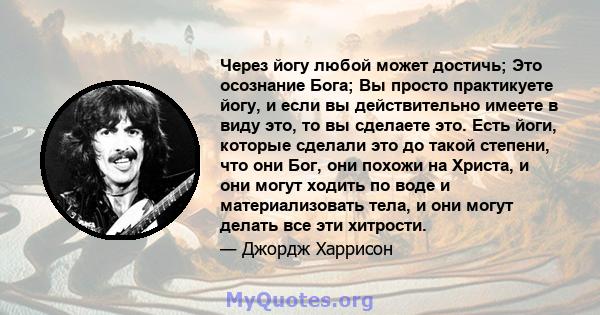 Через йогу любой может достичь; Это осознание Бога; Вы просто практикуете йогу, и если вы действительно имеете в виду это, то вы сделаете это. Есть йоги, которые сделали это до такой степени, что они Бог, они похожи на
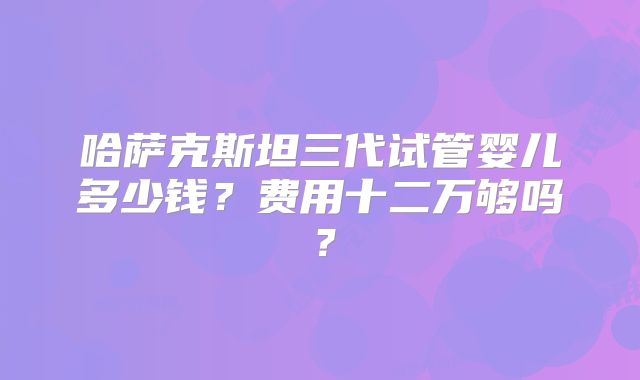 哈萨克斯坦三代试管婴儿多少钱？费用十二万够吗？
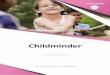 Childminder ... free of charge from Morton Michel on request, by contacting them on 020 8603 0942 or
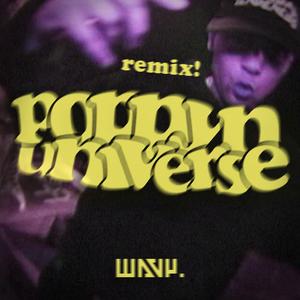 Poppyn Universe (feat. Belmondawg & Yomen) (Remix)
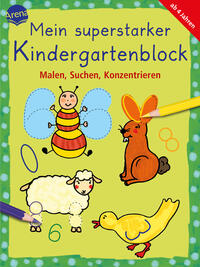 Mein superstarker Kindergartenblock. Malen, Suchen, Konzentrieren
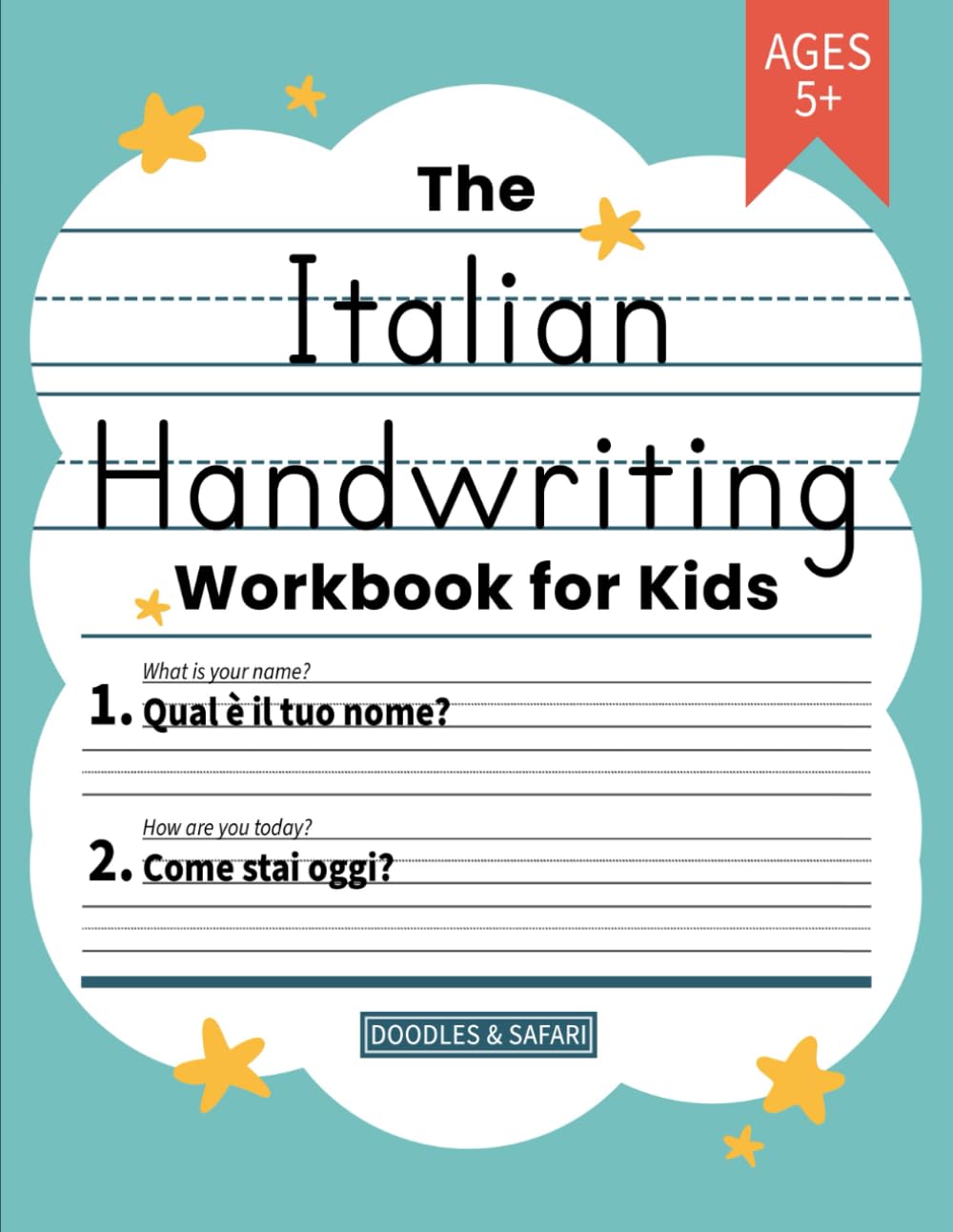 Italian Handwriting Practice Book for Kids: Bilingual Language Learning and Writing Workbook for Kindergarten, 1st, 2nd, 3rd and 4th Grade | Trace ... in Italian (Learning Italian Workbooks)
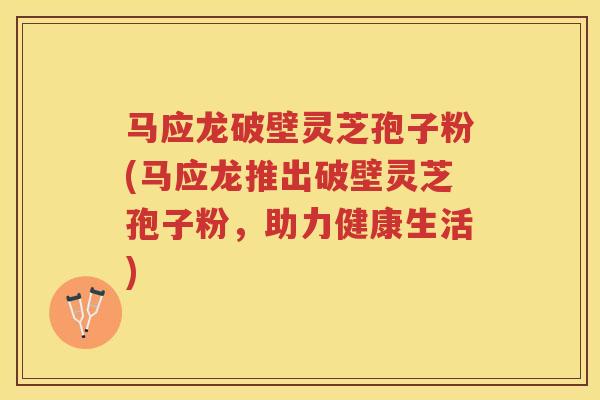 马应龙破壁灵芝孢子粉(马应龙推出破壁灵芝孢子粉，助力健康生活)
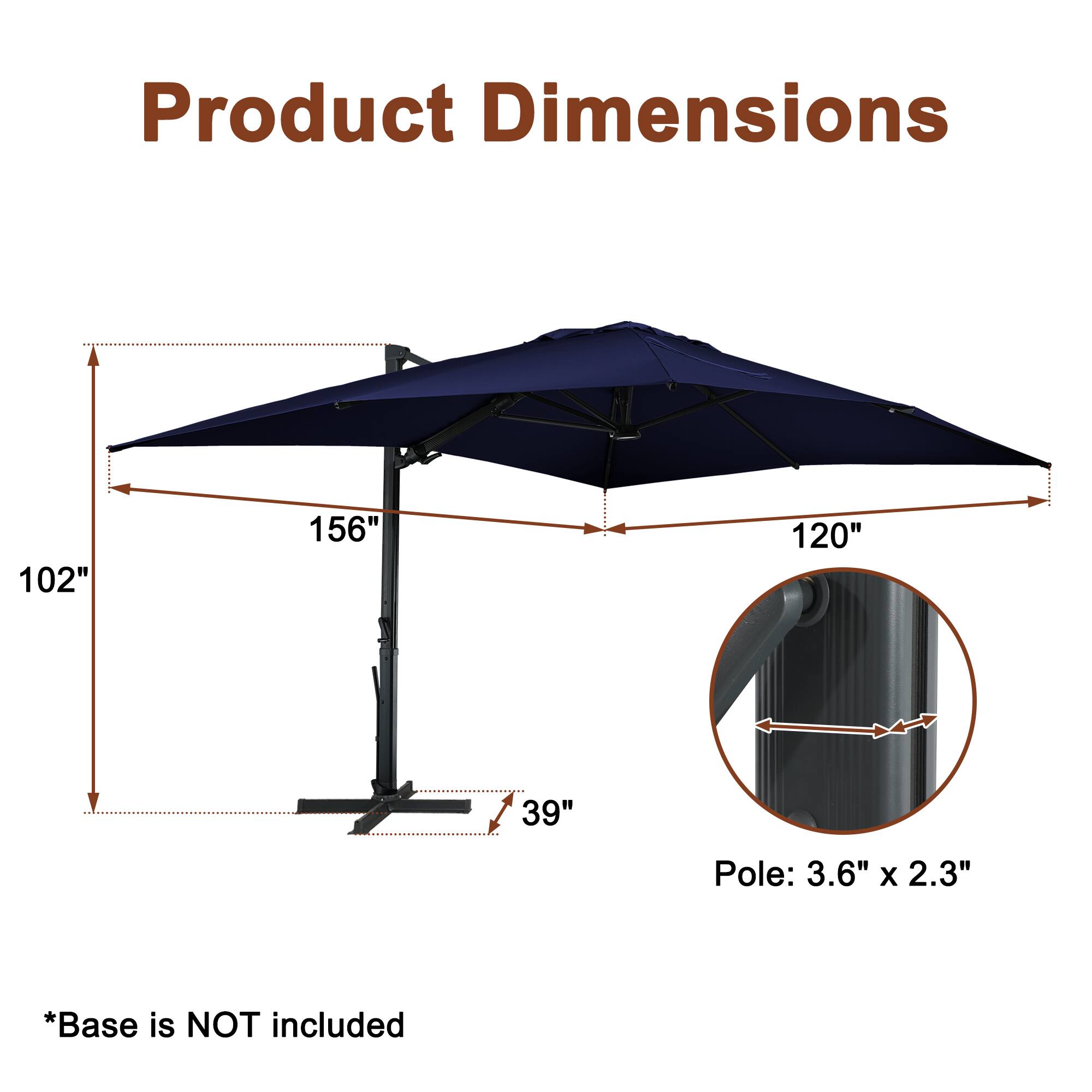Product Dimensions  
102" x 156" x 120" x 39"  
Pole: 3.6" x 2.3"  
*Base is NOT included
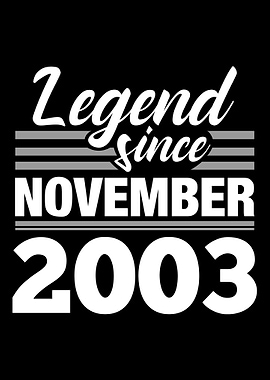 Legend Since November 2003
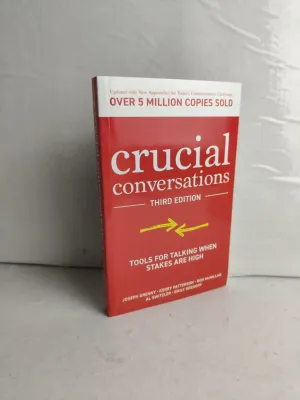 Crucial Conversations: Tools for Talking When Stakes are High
────
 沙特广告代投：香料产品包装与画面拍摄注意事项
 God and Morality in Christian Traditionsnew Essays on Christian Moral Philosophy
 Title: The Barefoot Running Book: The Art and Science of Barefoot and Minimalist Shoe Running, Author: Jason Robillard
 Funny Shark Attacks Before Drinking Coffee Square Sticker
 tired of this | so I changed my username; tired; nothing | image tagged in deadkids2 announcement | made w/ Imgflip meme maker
────
▶ [EXERCISE PROMPT] Everything above from the line containing "Через йогу любой" down to the line containing "哈萨克斯坦三代试管婴儿多少钱？费用十二万够吗？" is to be duplicated exactly, both lines included, and the pictures are to be omitted.

▶ [EXERCISE SOLUTION]
 Через йогу любой может достичь; Это осознание Бога; Вы просто практикуете йогу, и если вы действительно имеете в виду это, то вы сделаете это. Есть йоги, которые сделали это до такой степени, что они Бог, они похожи на
 哈萨克斯坦三代试管婴儿多少钱？费用十二万够吗？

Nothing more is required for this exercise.